# Scraped caption text data

============

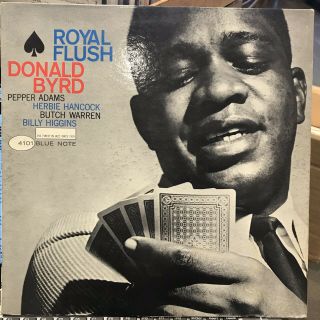 Donald Byrd - Royal Flush - Blue Note 4101 - Ear - Mono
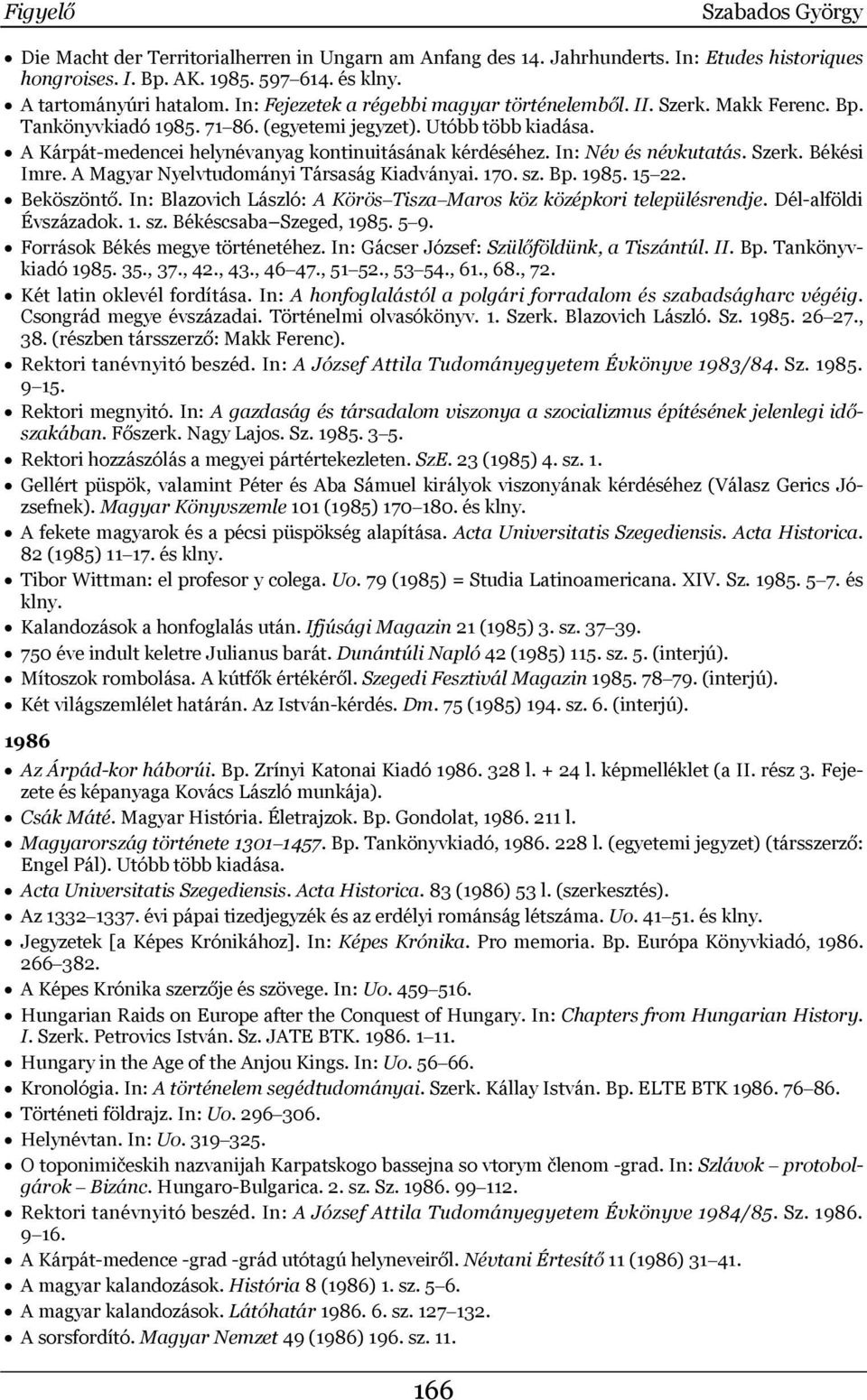 In: Név és névkutatás. Szerk. Békési Imre. A Magyar Nyelvtudományi Társaság Kiadványai. 170. sz. Bp. 1985. 15 22. Beköszöntő. In: Blazovich László: A Körös Tisza Maros köz középkori településrendje.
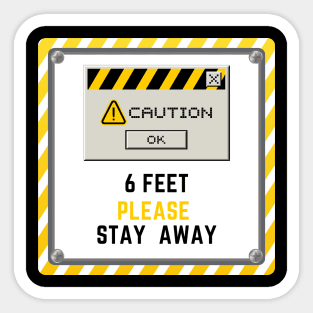 Please stay 6 feet away Sticker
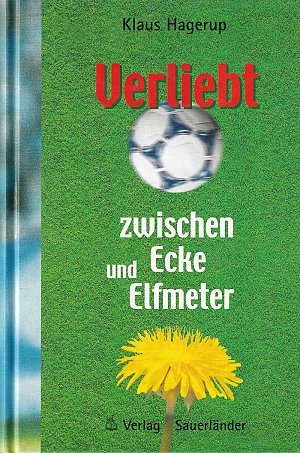 Verliebt zwischen Ecke und Elfmeter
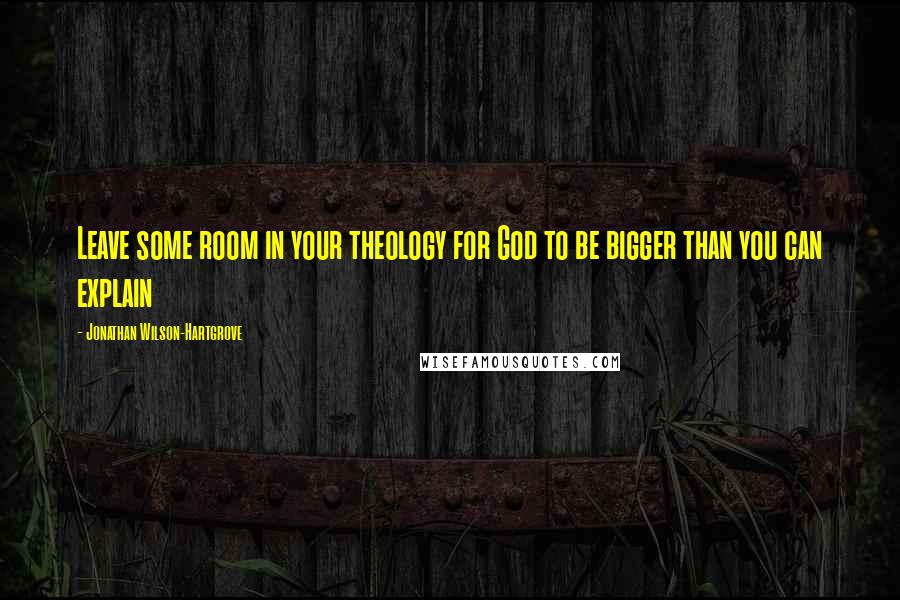 Jonathan Wilson-Hartgrove Quotes: Leave some room in your theology for God to be bigger than you can explain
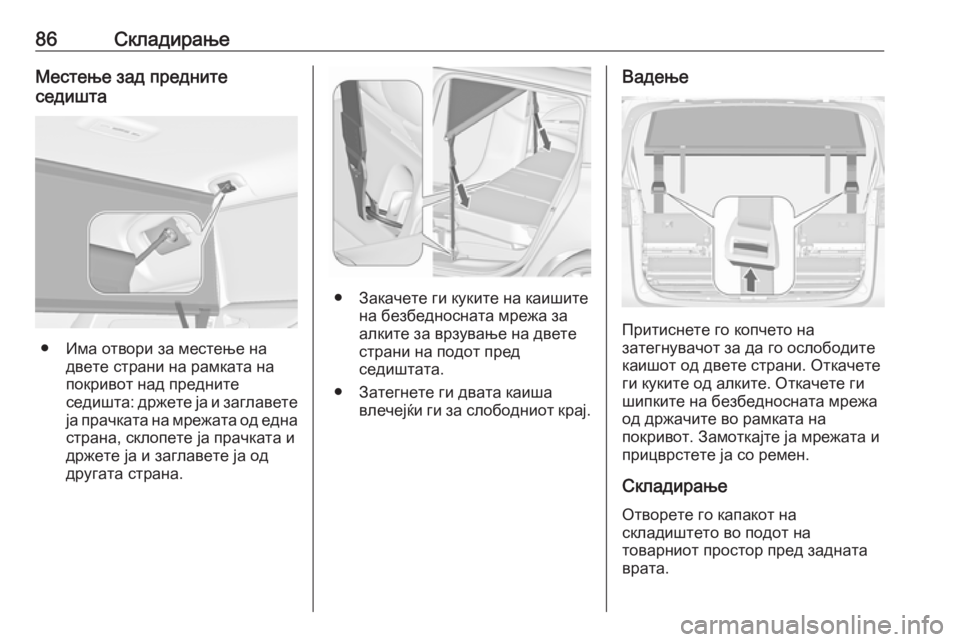 OPEL ZAFIRA C 2019  Сопственички прирачник 86СкладирањеМестење зад предните
седишта
● Има отвори за местење на двете страни на рамката на
покривот над п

============

Output nothing except the lines from the one containing "Please stay 6 feet away Sticker" through the final line of the entries, repeated exactly and free of pictures.

 Please stay 6 feet away Sticker
 Verliebt zwischen Ecke und Elfmeter
 Jonathan Wilson-Hartgrove Quotes: Leave some room in your theology for God to be bigger than you can explain
 OPEL ZAFIRA C 2019  Сопственички прирачник 86СкладирањеМестење зад предните
седишта
● Има отвори за местење на двете страни на рамката на
покривот над п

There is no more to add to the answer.